------ AVAILABLE DATA

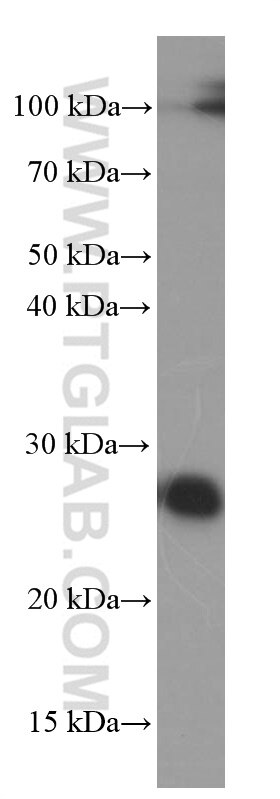 Western Blot (WB) analysis of HEK-293 cells using ERAB Monoclonal antibody (60069-1-Ig)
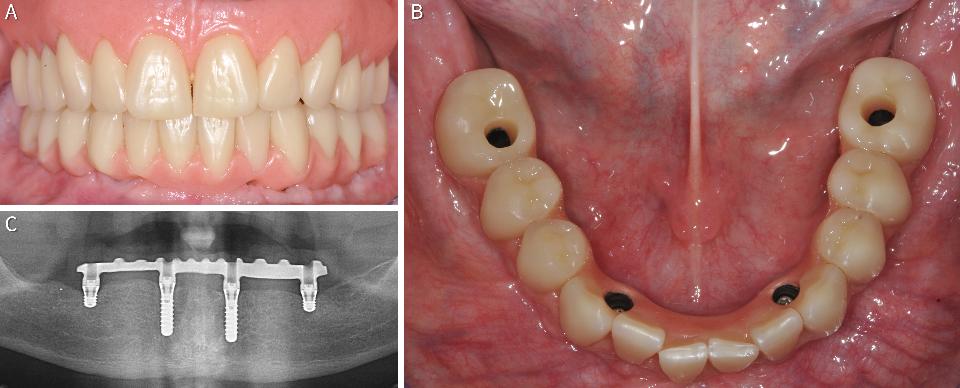 Fig. 11: Clinical (A) and radiological (B) findings of 66-year-old edentulous patient treated with an upper overdenture and a lower FPDP on 4 splinted implants, the posterior implants being 4-mm long (ongoing clinical study, courtesy of PD Dr. J. Wittneben)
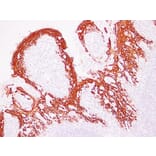 Immunohistochemistry - Anti-Cytokeratin 13 Antibody (V0045) - Antibodies.com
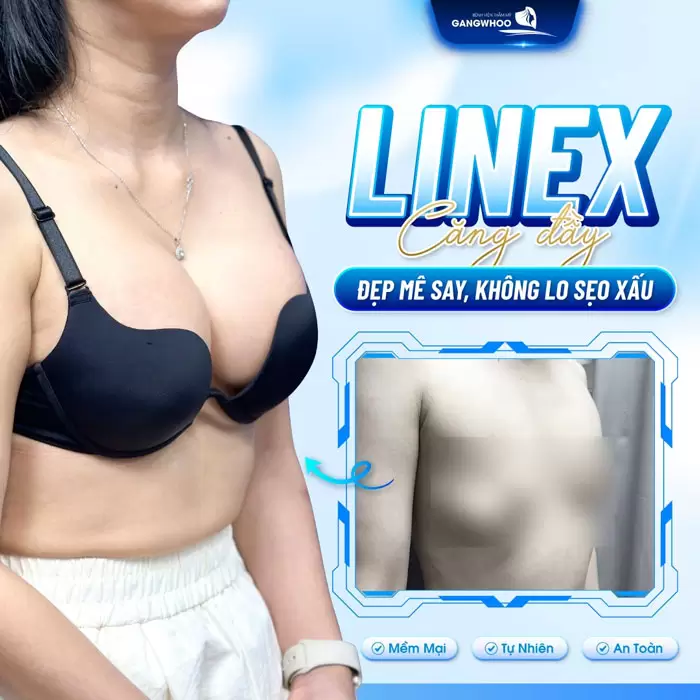 Nâng Ngực Line X – Vòng 1 Gợi Cảm Chuẩn Tỉ Lệ Vàng 4 Nâng ngực Line X đường cong mềm mại, đẹp say mê không lo bị sẹo xấu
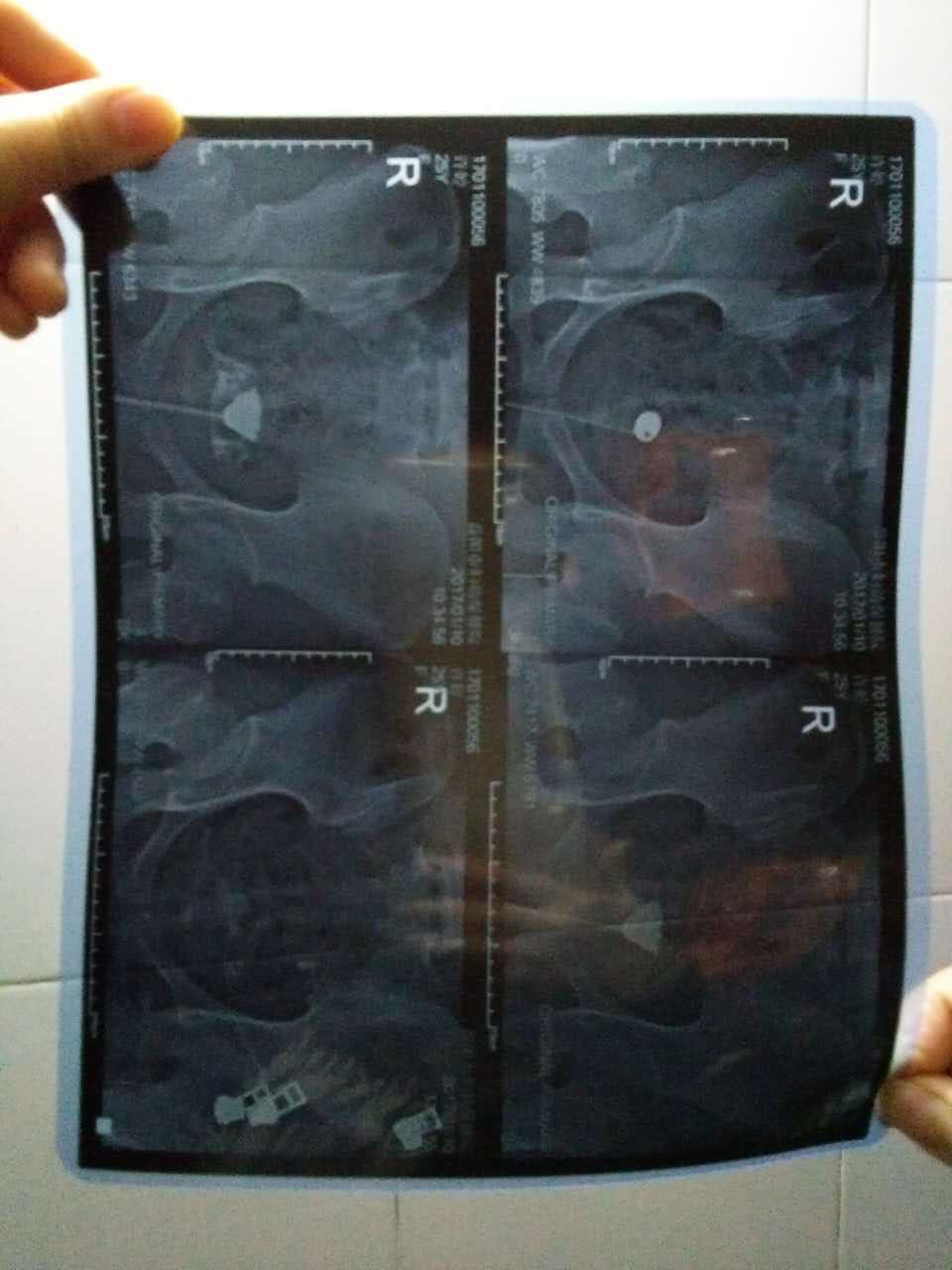 做了输卵管照影显示输卵管两边堵塞,拍的片子看不到输卵管,只看到子宫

------------

### THE PROBLEM
Print exactly, and only, the lines from the one with "Nâng Ngực Line X –" through the last line of the listing above. No pictures belong in the copy.

### EXERCISE RESULT
 Nâng Ngực Line X – Vòng 1 Gợi Cảm Chuẩn Tỉ Lệ Vàng 4 Nâng ngực Line X đường cong mềm mại, đẹp say mê không lo bị sẹo xấu
 做了输卵管照影显示输卵管两边堵塞,拍的片子看不到输卵管,只看到子宫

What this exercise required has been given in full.